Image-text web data
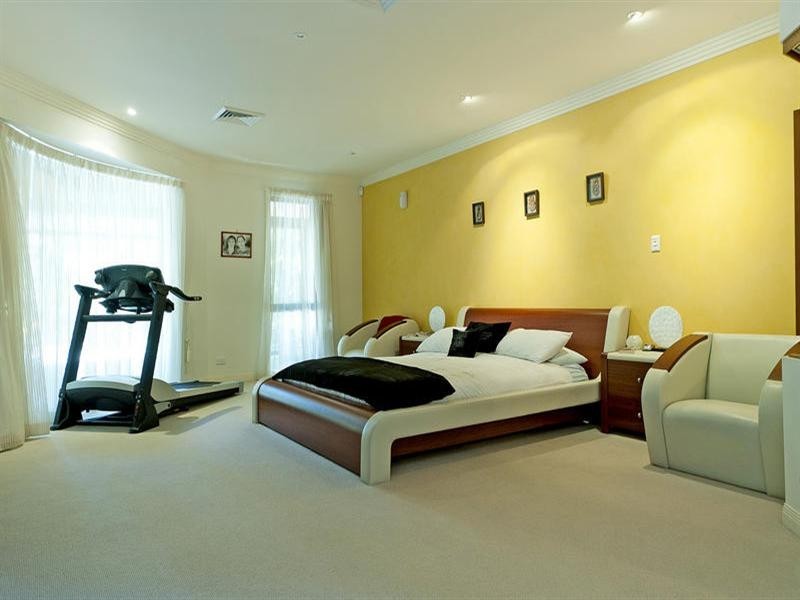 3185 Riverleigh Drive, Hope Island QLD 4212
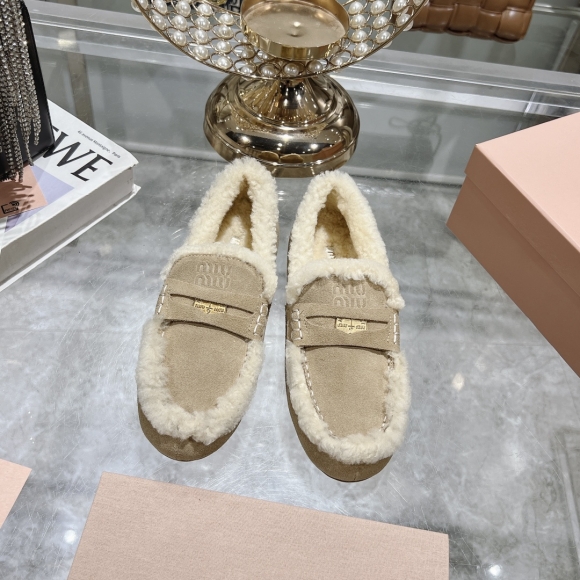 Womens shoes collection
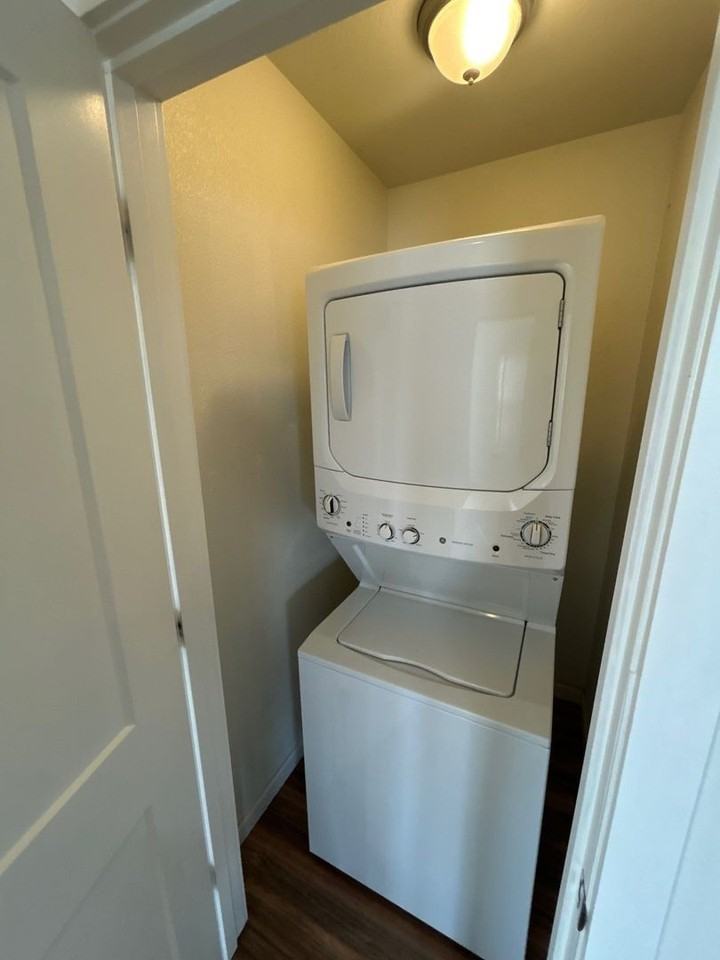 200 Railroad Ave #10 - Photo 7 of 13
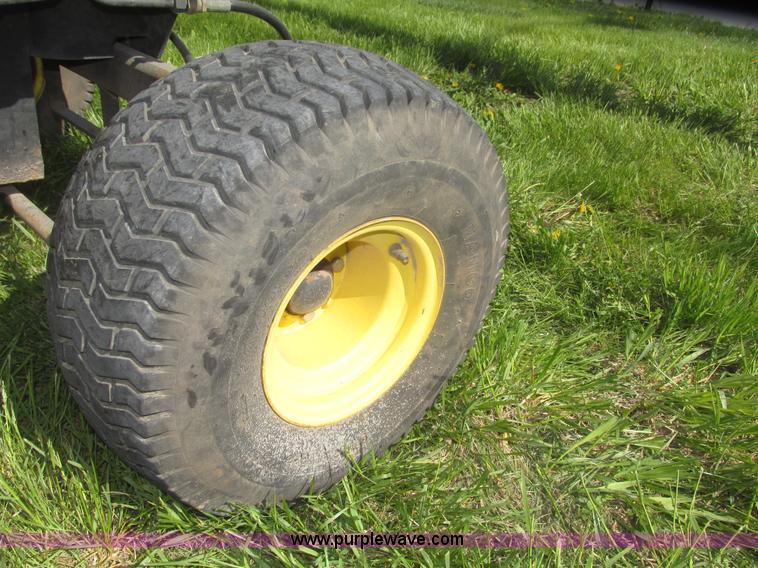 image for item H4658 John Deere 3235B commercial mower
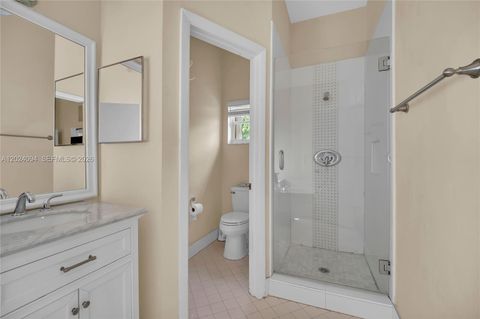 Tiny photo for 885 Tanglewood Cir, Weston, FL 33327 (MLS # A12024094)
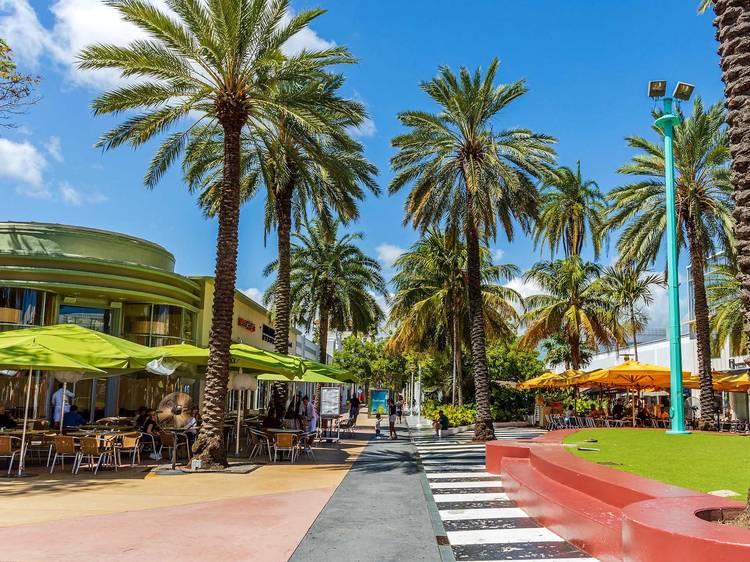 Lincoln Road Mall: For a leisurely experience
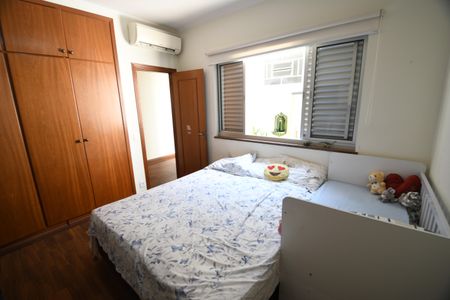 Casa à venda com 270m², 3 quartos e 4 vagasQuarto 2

◆ **WORK INSTRUCTION**
Give back each line above verbatim, dropping every picture.

◆ **RESPONSE BELOW**
 3185 Riverleigh Drive, Hope Island QLD 4212
 Womens shoes collection
 200 Railroad Ave #10 - Photo 7 of 13
 image for item H4658 John Deere 3235B commercial mower
 Tiny photo for 885 Tanglewood Cir, Weston, FL 33327 (MLS # A12024094)
 Lincoln Road Mall: For a leisurely experience
 Casa à venda com 270m², 3 quartos e 4 vagasQuarto 2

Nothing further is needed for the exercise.